Work instructions: Write the entries below out again exactly, but skip the pictures.

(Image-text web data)
________
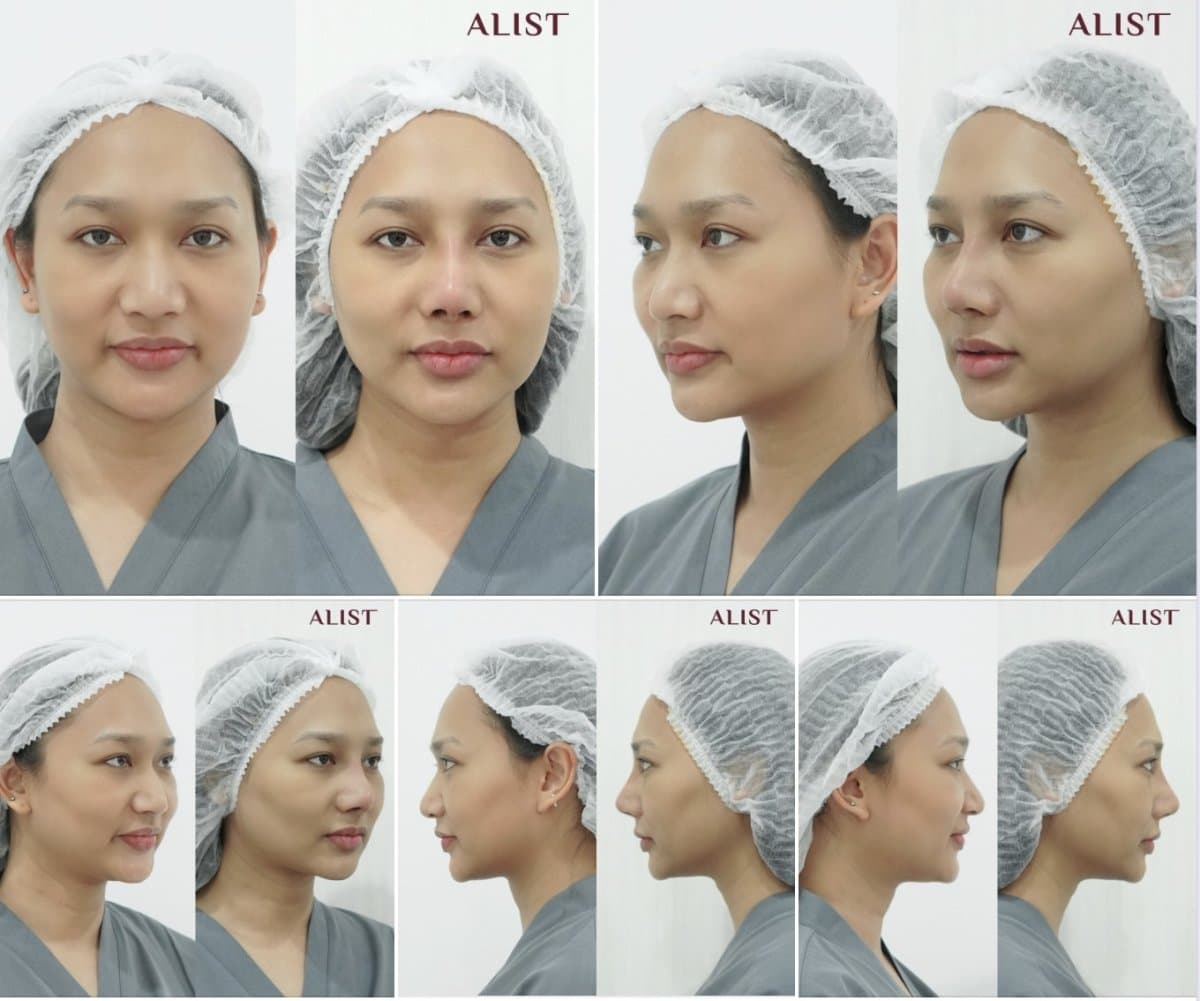 rhinoplasty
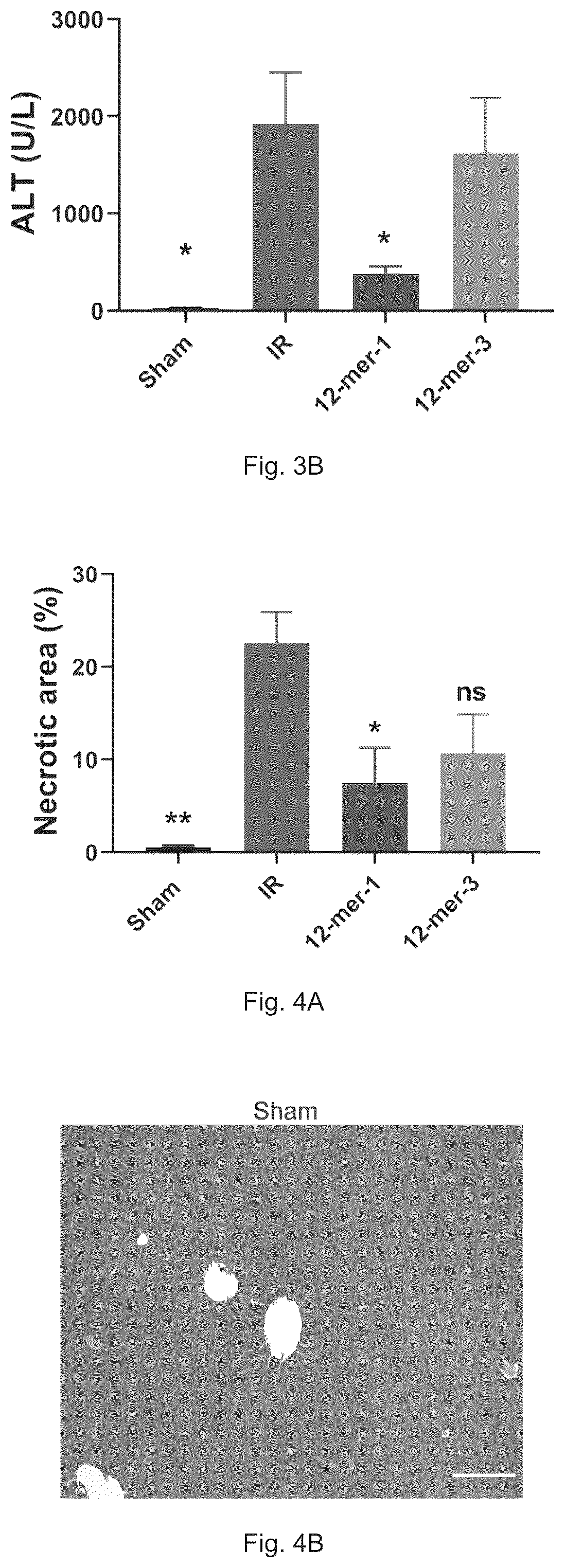 Patent US12569512 Figure 5 – Heparan sulfate (HS) oligosaccharides effect in liver ischemia reperfusion injury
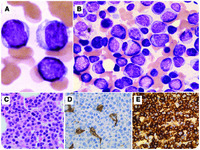 Plasma cell neoplasm with plasmablastic morphology mimicking acute leukemia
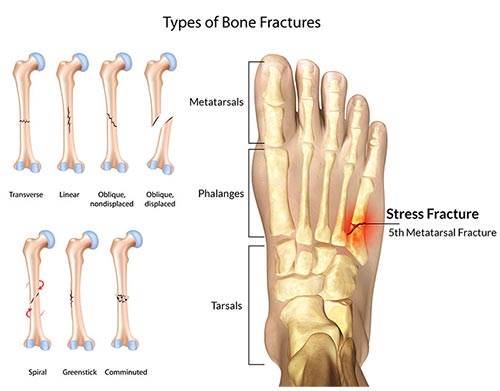 hairline fracture in foot symptoms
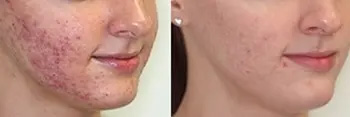 Acne treatment before and after - patient 1 results NYC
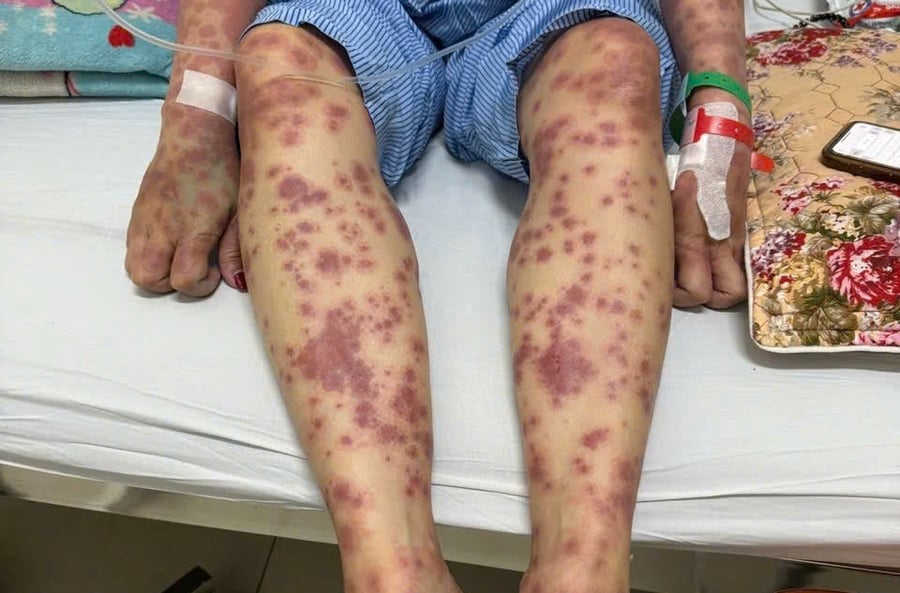 Các nốt ban đỏ xuất hiện khắp người của bệnh nhân A.T. sau một tháng uống thuốc giảm cân không rõ nguồn gốc. Ảnh: BV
________
Solution to the problem:
 rhinoplasty
 Patent US12569512 Figure 5 – Heparan sulfate (HS) oligosaccharides effect in liver ischemia reperfusion injury
 Plasma cell neoplasm with plasmablastic morphology mimicking acute leukemia
 hairline fracture in foot symptoms
 Acne treatment before and after - patient 1 results NYC
 Các nốt ban đỏ xuất hiện khắp người của bệnh nhân A.T. sau một tháng uống thuốc giảm cân không rõ nguồn gốc. Ảnh: BV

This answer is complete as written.